No obstante, Figes apunta que esta economía de mercado también tuvo sus contrapartidas. "Este nuevo escenario, además de afectar a los contenidos artísticos, también potenció el desarrollo de aspectos más prosaicos como los derechos de autor, la negociación de los cachés y la aparición de representantes, elementos puramente mercantiles". Y es que, junto a la independencia creativa, los artistas también quedaron presos de esa lógica de mercado que llevaba a, por ejemplo, Rossini a escribir dos óperas al año para satisfacer la demanda.
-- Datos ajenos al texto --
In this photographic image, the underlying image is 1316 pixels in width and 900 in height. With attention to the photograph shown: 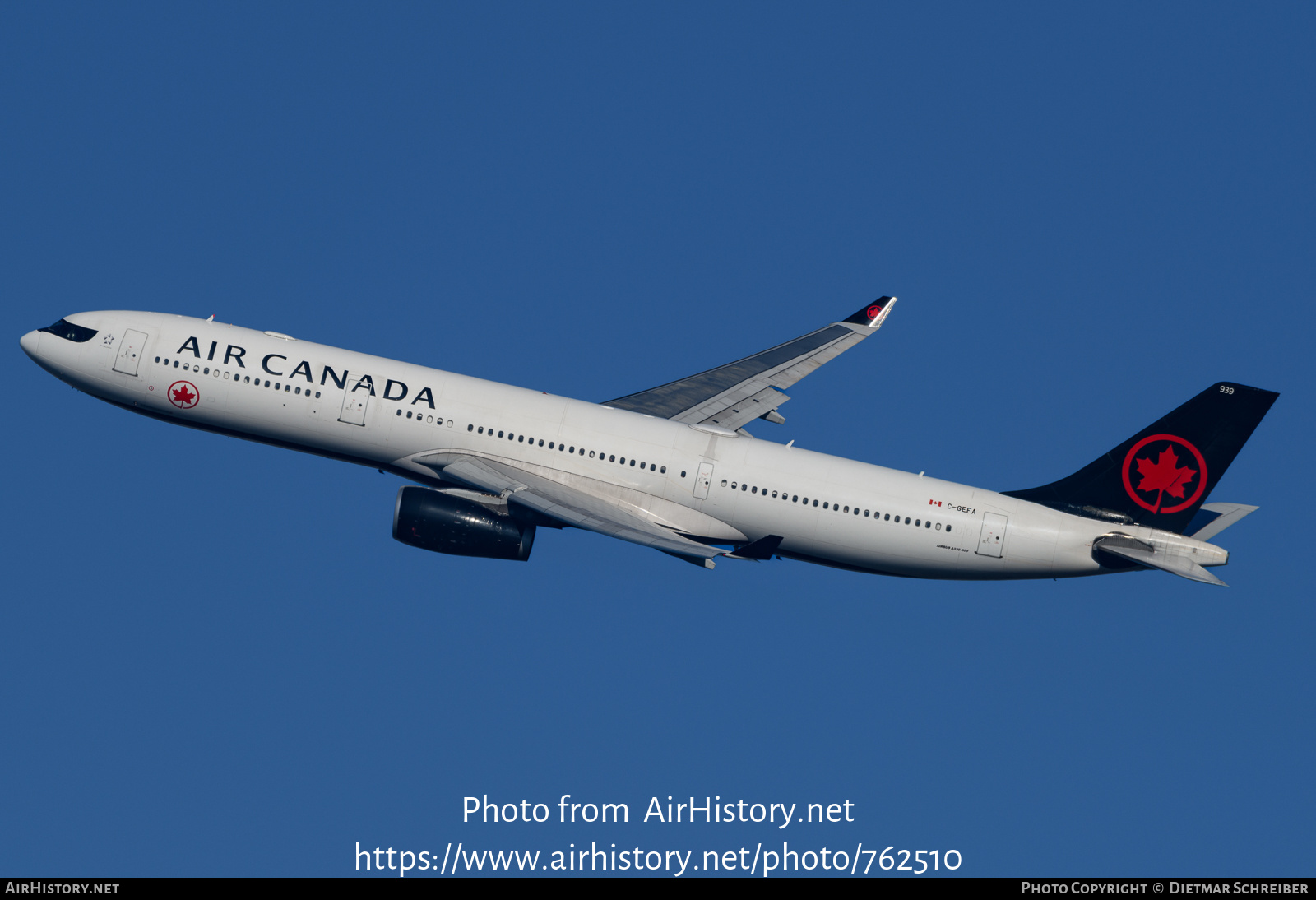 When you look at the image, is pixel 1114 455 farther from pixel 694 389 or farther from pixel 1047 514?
pixel 694 389

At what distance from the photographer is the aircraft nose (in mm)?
62000

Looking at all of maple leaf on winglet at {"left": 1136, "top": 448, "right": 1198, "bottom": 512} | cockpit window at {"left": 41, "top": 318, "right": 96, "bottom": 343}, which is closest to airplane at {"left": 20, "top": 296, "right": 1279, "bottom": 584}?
maple leaf on winglet at {"left": 1136, "top": 448, "right": 1198, "bottom": 512}

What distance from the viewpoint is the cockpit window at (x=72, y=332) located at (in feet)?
201

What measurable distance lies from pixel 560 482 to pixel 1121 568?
75.0 feet

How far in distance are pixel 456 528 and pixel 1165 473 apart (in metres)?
28.4

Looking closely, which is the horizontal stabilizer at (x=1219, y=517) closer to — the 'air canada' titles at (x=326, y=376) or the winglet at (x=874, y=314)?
the winglet at (x=874, y=314)

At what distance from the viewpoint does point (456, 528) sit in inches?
2248

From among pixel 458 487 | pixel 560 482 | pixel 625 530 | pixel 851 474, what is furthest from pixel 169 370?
pixel 851 474

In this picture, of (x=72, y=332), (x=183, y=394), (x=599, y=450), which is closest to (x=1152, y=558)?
(x=599, y=450)

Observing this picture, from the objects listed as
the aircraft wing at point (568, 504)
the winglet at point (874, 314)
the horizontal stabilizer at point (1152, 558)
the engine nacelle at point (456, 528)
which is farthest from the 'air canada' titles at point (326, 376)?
the horizontal stabilizer at point (1152, 558)

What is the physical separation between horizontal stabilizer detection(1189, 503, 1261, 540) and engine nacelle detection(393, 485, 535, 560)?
26.9 m

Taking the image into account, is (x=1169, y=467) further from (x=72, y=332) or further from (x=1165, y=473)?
(x=72, y=332)

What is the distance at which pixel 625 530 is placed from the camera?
54281 millimetres

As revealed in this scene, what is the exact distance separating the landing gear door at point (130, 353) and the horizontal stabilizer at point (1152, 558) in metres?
40.1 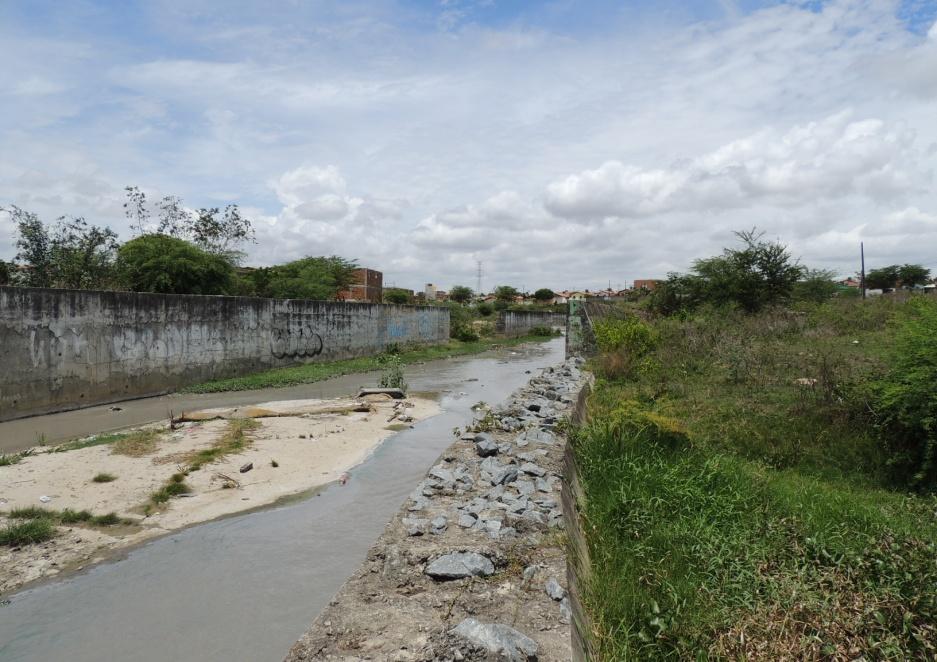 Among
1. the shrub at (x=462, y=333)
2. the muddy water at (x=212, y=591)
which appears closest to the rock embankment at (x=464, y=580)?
the muddy water at (x=212, y=591)

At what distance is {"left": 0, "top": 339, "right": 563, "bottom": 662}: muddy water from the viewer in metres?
3.74

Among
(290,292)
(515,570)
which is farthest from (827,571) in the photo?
(290,292)

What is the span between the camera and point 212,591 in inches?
174

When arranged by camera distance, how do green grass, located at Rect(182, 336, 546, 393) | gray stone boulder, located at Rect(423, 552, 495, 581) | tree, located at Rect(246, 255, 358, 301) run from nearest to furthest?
gray stone boulder, located at Rect(423, 552, 495, 581)
green grass, located at Rect(182, 336, 546, 393)
tree, located at Rect(246, 255, 358, 301)

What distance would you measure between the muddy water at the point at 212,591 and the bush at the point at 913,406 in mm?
5144

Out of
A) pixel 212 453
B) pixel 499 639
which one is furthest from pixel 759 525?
pixel 212 453

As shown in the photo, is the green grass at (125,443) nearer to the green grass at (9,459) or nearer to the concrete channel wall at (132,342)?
the green grass at (9,459)

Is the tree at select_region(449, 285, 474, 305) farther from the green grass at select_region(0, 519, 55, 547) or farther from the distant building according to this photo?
the green grass at select_region(0, 519, 55, 547)

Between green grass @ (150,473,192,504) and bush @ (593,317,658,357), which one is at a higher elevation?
bush @ (593,317,658,357)

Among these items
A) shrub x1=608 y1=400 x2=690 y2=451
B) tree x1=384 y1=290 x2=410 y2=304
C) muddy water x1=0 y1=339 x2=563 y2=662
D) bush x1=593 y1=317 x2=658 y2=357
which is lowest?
muddy water x1=0 y1=339 x2=563 y2=662

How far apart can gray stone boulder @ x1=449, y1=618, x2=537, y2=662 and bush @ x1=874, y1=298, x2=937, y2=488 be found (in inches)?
181

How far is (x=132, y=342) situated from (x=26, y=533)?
8334mm

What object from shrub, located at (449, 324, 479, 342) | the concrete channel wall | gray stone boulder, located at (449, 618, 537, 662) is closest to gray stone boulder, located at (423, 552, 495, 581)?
gray stone boulder, located at (449, 618, 537, 662)

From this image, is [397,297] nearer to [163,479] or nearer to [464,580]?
[163,479]
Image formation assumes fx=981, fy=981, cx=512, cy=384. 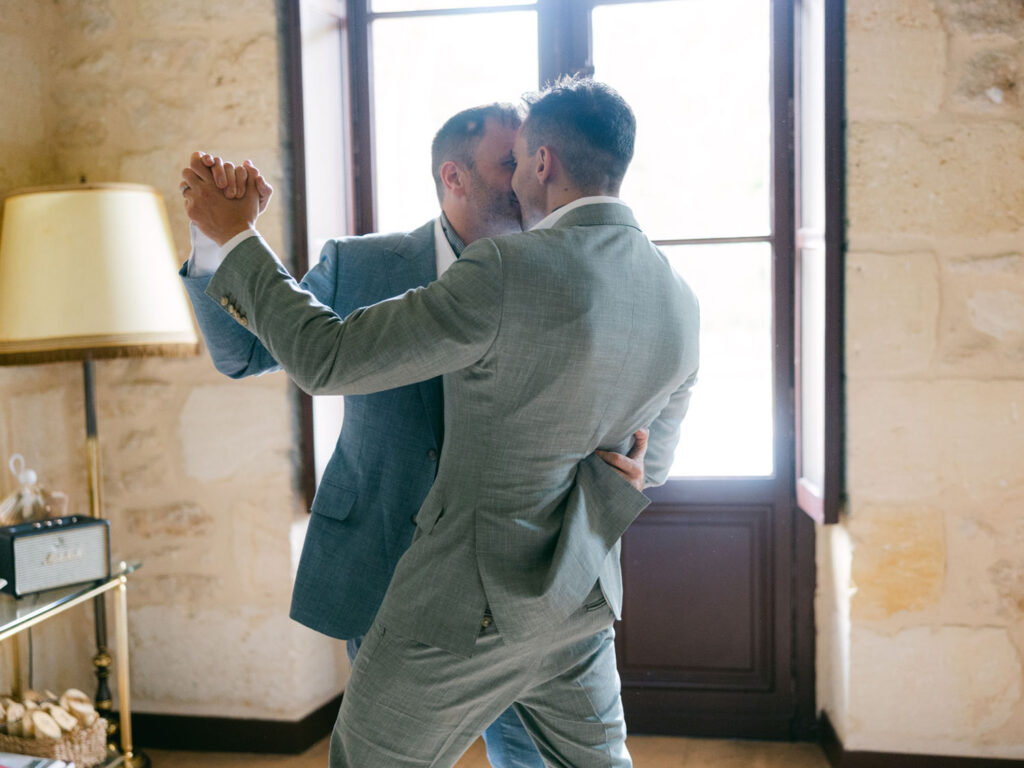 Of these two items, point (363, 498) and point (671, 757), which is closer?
point (363, 498)

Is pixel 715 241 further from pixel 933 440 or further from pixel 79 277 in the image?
pixel 79 277

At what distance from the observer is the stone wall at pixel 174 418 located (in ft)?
9.16

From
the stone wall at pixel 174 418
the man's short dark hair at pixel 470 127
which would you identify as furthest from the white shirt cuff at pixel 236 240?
the stone wall at pixel 174 418

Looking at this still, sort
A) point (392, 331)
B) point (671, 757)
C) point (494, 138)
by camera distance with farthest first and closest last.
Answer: point (671, 757)
point (494, 138)
point (392, 331)

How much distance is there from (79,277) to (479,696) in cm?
156

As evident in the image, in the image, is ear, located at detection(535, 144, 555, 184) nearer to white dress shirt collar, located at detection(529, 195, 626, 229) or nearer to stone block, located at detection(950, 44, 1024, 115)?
white dress shirt collar, located at detection(529, 195, 626, 229)

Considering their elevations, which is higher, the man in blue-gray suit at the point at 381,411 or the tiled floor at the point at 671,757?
the man in blue-gray suit at the point at 381,411

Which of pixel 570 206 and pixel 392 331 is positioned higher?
pixel 570 206

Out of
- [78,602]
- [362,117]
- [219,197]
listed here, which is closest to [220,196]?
[219,197]

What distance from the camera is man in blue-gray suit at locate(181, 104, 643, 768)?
5.55 feet

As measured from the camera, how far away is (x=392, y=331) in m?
1.23

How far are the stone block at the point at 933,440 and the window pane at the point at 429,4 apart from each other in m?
1.54

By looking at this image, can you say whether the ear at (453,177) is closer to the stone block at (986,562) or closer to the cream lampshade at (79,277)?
the cream lampshade at (79,277)

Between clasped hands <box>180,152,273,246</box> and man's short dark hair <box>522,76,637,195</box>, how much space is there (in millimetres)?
409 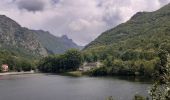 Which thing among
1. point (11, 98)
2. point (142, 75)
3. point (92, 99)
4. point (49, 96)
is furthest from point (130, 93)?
point (142, 75)

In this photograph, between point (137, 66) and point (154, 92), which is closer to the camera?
point (154, 92)

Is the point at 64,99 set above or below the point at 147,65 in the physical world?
below

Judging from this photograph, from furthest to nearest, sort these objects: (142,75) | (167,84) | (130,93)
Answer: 1. (142,75)
2. (130,93)
3. (167,84)

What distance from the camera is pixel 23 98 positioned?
110062mm

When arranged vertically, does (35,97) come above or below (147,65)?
below

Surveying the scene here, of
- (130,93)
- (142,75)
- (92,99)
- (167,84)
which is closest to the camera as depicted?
(167,84)

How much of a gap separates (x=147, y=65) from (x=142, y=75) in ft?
17.5

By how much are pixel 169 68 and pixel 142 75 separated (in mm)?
169784

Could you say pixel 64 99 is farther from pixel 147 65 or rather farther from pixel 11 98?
pixel 147 65

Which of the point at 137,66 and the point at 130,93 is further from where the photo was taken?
the point at 137,66

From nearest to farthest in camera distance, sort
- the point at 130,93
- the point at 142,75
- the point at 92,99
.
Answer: the point at 92,99 → the point at 130,93 → the point at 142,75

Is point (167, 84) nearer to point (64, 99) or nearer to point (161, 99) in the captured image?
point (161, 99)

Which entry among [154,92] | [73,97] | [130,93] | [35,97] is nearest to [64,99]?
[73,97]

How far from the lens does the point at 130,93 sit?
108 metres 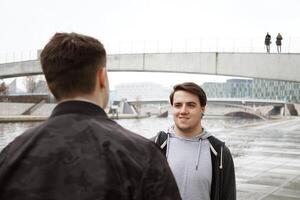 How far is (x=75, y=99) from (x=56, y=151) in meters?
0.21

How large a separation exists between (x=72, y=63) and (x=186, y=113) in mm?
1692

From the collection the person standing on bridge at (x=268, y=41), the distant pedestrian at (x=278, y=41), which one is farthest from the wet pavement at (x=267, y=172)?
the person standing on bridge at (x=268, y=41)

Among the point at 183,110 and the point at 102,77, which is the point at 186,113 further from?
the point at 102,77

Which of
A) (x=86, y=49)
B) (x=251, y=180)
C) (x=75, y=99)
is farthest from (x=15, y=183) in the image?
(x=251, y=180)

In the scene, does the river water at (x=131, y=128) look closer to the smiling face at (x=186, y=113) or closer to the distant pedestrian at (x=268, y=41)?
the distant pedestrian at (x=268, y=41)

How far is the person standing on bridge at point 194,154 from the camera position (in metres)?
2.91

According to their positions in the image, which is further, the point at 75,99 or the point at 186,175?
the point at 186,175

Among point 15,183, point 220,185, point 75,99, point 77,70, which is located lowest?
point 220,185

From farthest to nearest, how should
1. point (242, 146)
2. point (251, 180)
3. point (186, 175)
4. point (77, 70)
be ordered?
point (242, 146), point (251, 180), point (186, 175), point (77, 70)

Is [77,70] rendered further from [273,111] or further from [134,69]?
[273,111]

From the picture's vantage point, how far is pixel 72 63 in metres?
1.55

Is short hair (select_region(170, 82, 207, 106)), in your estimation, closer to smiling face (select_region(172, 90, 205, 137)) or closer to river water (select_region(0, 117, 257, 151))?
smiling face (select_region(172, 90, 205, 137))

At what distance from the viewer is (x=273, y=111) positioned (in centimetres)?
11606

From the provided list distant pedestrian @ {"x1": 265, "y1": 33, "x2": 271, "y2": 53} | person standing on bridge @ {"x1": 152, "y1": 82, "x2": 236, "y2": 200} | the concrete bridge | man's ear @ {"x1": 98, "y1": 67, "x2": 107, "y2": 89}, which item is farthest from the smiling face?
distant pedestrian @ {"x1": 265, "y1": 33, "x2": 271, "y2": 53}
Estos aspectos concretos son los que articulan el relato del historiador, cuyo hilo conductor lo forman la relación triangular entre el matrimonio Viardot-García y el escritor ruso Iván Turguénev, que Figes considera personajes paradigmáticos de esta época. "Pauline y su marido aprovecharon a la perfección las nuevas oportunidades que ofrecía el naciente mercado artístico. Él era un crítico y empresario de afilado olfato para los negocios, testaferro de uno de los más importantes empresarios teatrales del momento. Y ella fue la mejor soprano de su época, la más famosa de una saga de famosos cantantes españoles: la familia García", explica el historiador. A su cosmopolitismo, que los llevó literalmente por toda Europa durante décadas tendiendo puentes culturales por todo el continente -su red de amistades incluía a los Schumann, George Sand, Berlioz, Dickens, Wagner, Saint-Saëns, Chopin, Flaubert, Massenet, Meyerbeer, Rossini, Liszt, Delacroix, Henry James...- se sumó la imprescindible figura de Turguénev, amante de Pauline hasta su muerte, que precedió a Dostoyevski y Tolstói como el escritor ruso más conocido en Occidente y trató de acercar ambas tradiciones incansablemente".
-Sus protagonistas son ejemplos del cosmopolitismo y mestizaje cultural alcanzado entonces. ¿Fue esta expansión lo que provocó, paradójicamente, el surgimiento de los nacionalismos durante el siglo XIX?
"Aunque algunos de esos sentimientos, particularmente el nacionalismo patriótico, eran anteriores, es cierto que ese clima abierto y tolerante generó una reacción contraria. Reacción que también provino en su momento del mundo artístico, con Wagner como ejemplo perfecto del sentimiento de rechazo de lo germánico al ideal integrador francés. Por otro lado, una de las tesis del libro es que estos planteamientos anticosmopolitas, como el nacionalismo político, terminaron provocando el gran estallido que fue la Primera Guerra Mundial. Antes del nuevo orden surgido tras 1914, el nacionalismo no era una fuerza democrática y hoy en día hay partidos políticos nacionalistas en todos los países. Desde siempre ha existido una fuerte tensión entre nacionalismo y cosmopolitismo que es inagotable en la historia y que, en aquel momento, igual que hoy en día, es bastante impredecible".
"El problema del nacionalismo es que disfraza como elementos culturales e identitarios cosas que no lo son. Todo se reduce al plano político y económico y se traduce en el interés por crear fronteras que la mayoría de las veces se basan en mitos e ilusiones de lo que la identidad nacional es o debería ser. Algo absurdo pero peligroso, pues creo que es un rasgo que comparten todos los países. Con el Brexit parece algo característico de Reino Unido, pero debemos tener presente que podría ocurrir en cualquier parte. En cuanto al ideal de identidad comunitaria, pienso que sí se ha promovido en las últimas décadas, pero quizá no de forma correcta. Actualmente Europa es vista desde fuera como un destino turístico para ver monumentos y arte, pero para sobrevivir tiene que ser algo más que eso o algo más que un mercado y una entidad puramente económica. Tiene que confiar en su identidad cultural, en los principios europeos, pero combinar esto con una identidad política sólida capaz de dar una respuesta conjunta a problemas como los abusos de las multinacionales extranjeras y las crisis económicas, migratorias y sanitarias".